Exercise brief: Please, could you print all the lines below exactly, leaving out the pictures?

Short web captions:
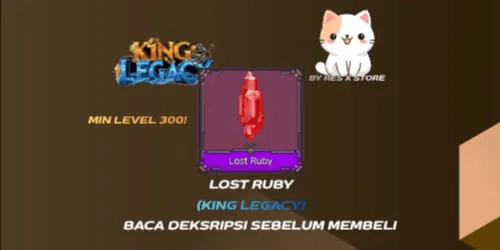 Lost Ruby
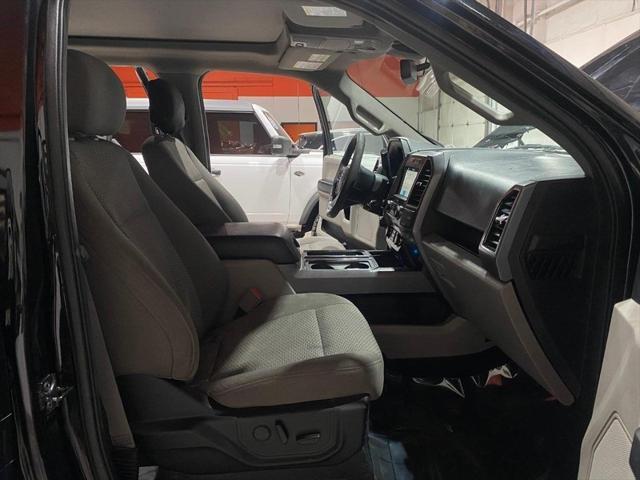 used 2019 Ford F-150 car, priced at $23,395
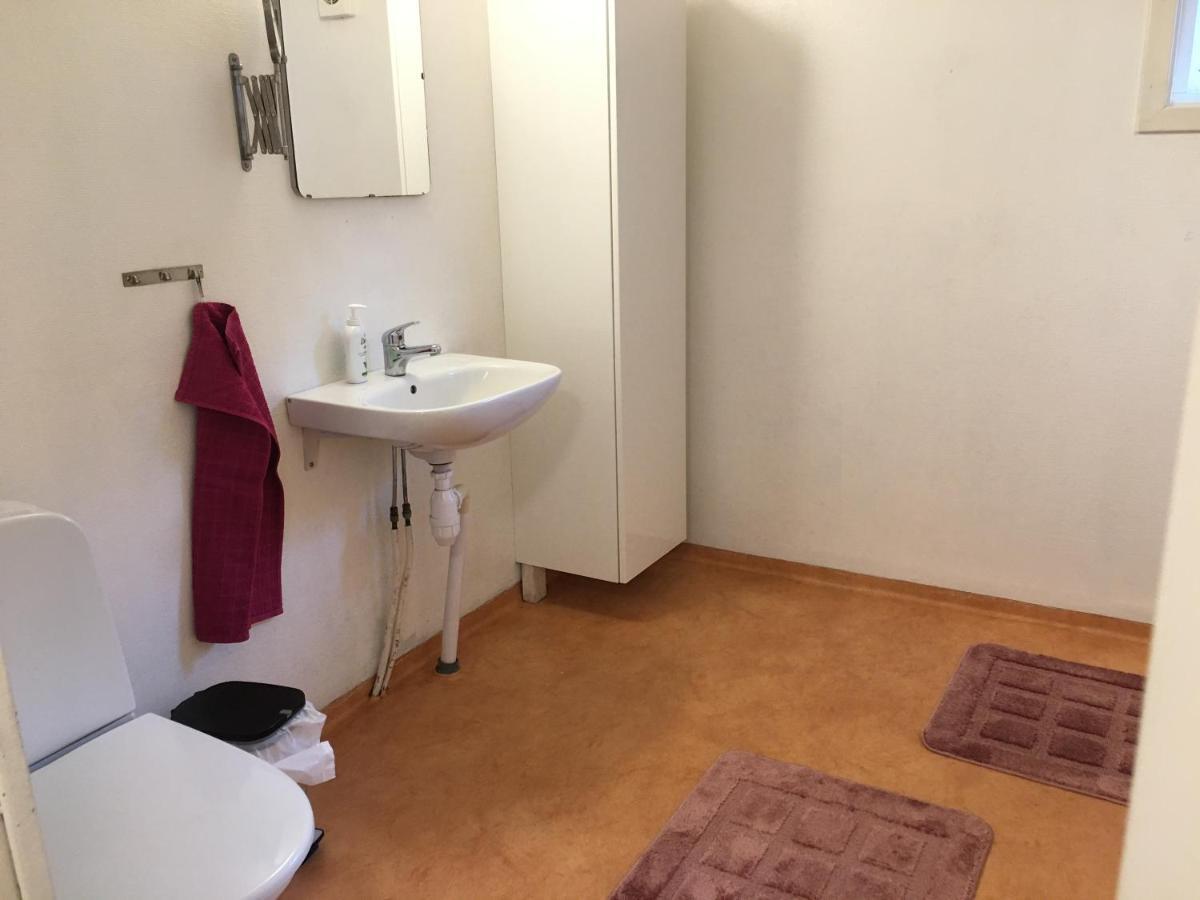 Torp, 7 Min Till Ullared Villa Bagian luar foto
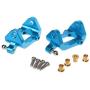 GMSP 1 Set Upgraded Metal Spare Parts Kit for WLtoys A959 A979 A959B A979B 1/18 RC Car (B Model)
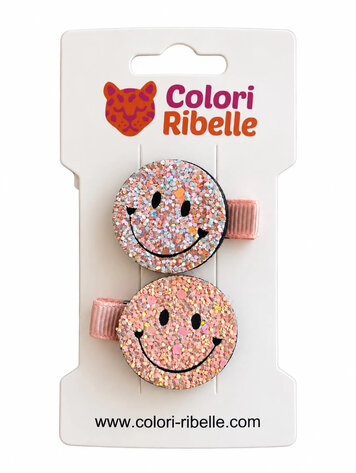 Colori Ribelle Babyspeldjes glitter smiley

Your solution:
 Lost Ruby
 used 2019 Ford F-150 car, priced at $23,395
 Torp, 7 Min Till Ullared Villa Bagian luar foto
 GMSP 1 Set Upgraded Metal Spare Parts Kit for WLtoys A959 A979 A959B A979B 1/18 RC Car (B Model)
 Colori Ribelle Babyspeldjes glitter smiley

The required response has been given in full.